Georgetown University Medical Center; Georgetown-Lombardi Comprehensive Cancer Center, Washington, DC; Kaiser Permanente Medical Group, Oakland, CA; and Columbia Presbyterian Medical Center, New York, NY.

出版信息

J Oncol Pract. 2015 Jan;11(1):e1-8. doi: 10.1200/JOP.2013.001288. Epub 2014 Aug 26.
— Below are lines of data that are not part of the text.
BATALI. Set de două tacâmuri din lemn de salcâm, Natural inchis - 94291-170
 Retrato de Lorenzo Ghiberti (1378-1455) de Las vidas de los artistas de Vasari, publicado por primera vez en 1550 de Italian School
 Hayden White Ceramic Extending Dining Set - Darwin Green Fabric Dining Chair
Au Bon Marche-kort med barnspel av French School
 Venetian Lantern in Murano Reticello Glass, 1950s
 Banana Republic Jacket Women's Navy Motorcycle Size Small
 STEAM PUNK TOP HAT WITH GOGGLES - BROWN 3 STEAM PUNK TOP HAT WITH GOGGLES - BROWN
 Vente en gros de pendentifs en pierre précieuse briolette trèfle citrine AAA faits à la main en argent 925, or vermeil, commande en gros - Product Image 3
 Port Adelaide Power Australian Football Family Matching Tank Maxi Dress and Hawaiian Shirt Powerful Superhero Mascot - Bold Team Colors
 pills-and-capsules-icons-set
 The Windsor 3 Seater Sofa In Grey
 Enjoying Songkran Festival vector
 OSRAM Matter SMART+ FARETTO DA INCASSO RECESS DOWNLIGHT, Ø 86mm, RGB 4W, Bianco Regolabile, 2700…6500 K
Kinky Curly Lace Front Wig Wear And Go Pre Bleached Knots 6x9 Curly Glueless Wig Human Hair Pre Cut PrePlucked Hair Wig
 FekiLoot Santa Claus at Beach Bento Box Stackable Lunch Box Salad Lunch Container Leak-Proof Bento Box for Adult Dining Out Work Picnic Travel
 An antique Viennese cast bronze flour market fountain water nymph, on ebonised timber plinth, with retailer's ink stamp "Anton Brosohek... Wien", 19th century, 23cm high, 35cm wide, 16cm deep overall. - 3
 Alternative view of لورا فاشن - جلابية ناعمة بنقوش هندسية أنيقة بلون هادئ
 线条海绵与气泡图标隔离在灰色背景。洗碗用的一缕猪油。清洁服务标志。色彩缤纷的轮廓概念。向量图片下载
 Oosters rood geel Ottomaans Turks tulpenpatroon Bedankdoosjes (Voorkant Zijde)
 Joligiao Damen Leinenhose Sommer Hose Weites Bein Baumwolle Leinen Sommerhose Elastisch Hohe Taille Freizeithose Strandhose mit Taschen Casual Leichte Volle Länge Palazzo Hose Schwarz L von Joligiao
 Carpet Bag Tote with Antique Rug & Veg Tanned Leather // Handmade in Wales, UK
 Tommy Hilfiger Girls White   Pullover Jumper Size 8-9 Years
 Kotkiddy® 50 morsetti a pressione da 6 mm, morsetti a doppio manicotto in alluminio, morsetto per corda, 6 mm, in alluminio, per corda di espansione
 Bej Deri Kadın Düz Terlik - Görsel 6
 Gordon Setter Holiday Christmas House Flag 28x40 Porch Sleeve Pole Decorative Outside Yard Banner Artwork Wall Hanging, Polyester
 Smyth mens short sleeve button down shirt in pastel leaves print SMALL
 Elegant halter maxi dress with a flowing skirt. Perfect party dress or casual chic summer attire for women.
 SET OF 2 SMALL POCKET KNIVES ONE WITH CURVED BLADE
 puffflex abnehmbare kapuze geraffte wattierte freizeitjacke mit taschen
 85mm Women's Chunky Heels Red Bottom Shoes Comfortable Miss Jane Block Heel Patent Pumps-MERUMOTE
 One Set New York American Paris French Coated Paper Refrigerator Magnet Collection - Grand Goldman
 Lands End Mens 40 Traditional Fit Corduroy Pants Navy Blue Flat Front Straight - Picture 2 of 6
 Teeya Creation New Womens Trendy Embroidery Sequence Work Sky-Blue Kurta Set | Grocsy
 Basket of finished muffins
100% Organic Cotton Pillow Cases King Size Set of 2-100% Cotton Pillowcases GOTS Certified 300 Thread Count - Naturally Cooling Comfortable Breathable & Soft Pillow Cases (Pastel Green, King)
DOI:10.1200/JOP.2013.001288
PMID:25161127
原文链接:https://pmc.ncbi.nlm.nih.gov/articles/PMC4295421/
Abstract

PURPOSE

Breast cancer chemotherapy toxicity is not well documented outside of randomized trials. We developed and conducted preliminary evaluation of an algorithm to detect grade 3 and 4 toxicities using electronic data from a large integrated managed care organization.

METHODS

The algorithm used administrative, pharmacy, and electronic data from outpatient, emergency room, and inpatient records of 99 women diagnosed with breast cancer from 2006 to 2009 who underwent chemotherapy. Data were abstracted for 12 months post-treatment initiation (24 months for trastuzumab recipients). An oncology nurse independently blindly reviewed records; these results were the "gold standard." Sensitivity and specificity were calculated for overall toxicity, categories of toxicities, and toxicity by age or regimen. The algorithm was applied to an independent sample of 1,575 patients with breast cancer diagnosed during the study period to estimate prevalence rates.

RESULTS

The overall sensitivity for detecting chemotherapy-related toxicity was 89% (95% CI, 77% to 95%). The highest sensitivity was for identification of hematologic toxicities (97%; 95% CI, 84% to 99%). There were good sensitivities for infectious toxicity, but rates dropped for GI and neurological toxicities. Specificity was high within each category (89% to 99%), but when combined to measure any toxicity, it was lower (70%; 95% CI, 57% to 81%). When applied to an independent chemotherapy sample, the algorithm estimates a 26% rate of hematologic toxicity; rates were higher among patients age ≥ 65 years versus less than 65 years.

CONCLUSIONS

If validated in other samples and health care settings, algorithms to capture toxicity could be useful in comparative and cost-effectiveness evaluations of community practice-delivered treatment.

摘要

目的

乳腺癌化疗毒性在随机试验之外的记录并不完善。我们开发并初步评估了一种算法,该算法使用来自大型综合管理式医疗组织的电子数据来检测 3 级和 4 级毒性。

方法

该算法使用了 99 名 2006 年至 2009 年间被诊断患有乳腺癌并接受化疗的女性的门诊、急诊室和住院记录中的行政、药房和电子数据。在治疗开始后(曲妥珠单抗患者为 24 个月)的 12 个月内对数据进行了提取。一位肿瘤护士独立地盲目审查了记录;这些结果为“金标准”。计算了整体毒性、毒性类别以及按年龄或方案的毒性的敏感性和特异性。该算法应用于研究期间诊断出的 1575 名乳腺癌独立患者样本中,以估计患病率。

结果

检测化疗相关毒性的总体敏感性为 89%(95%置信区间,77%至 95%)。识别血液学毒性的敏感性最高(97%;95%置信区间,84%至 99%)。感染毒性的敏感性较好,但胃肠道和神经毒性的发生率下降。每个类别内的特异性都很高(89%至 99%),但综合起来测量任何毒性时,特异性则较低(70%;95%置信区间,57%至 81%)。当应用于独立的化疗样本时,该算法估计血液学毒性的发生率为 26%;年龄≥65 岁的患者的发生率高于年龄<65 岁的患者。

结论

如果在其他样本和医疗环境中得到验证,那么捕获毒性的算法可能有助于对社区实践提供的治疗进行比较和成本效益评估。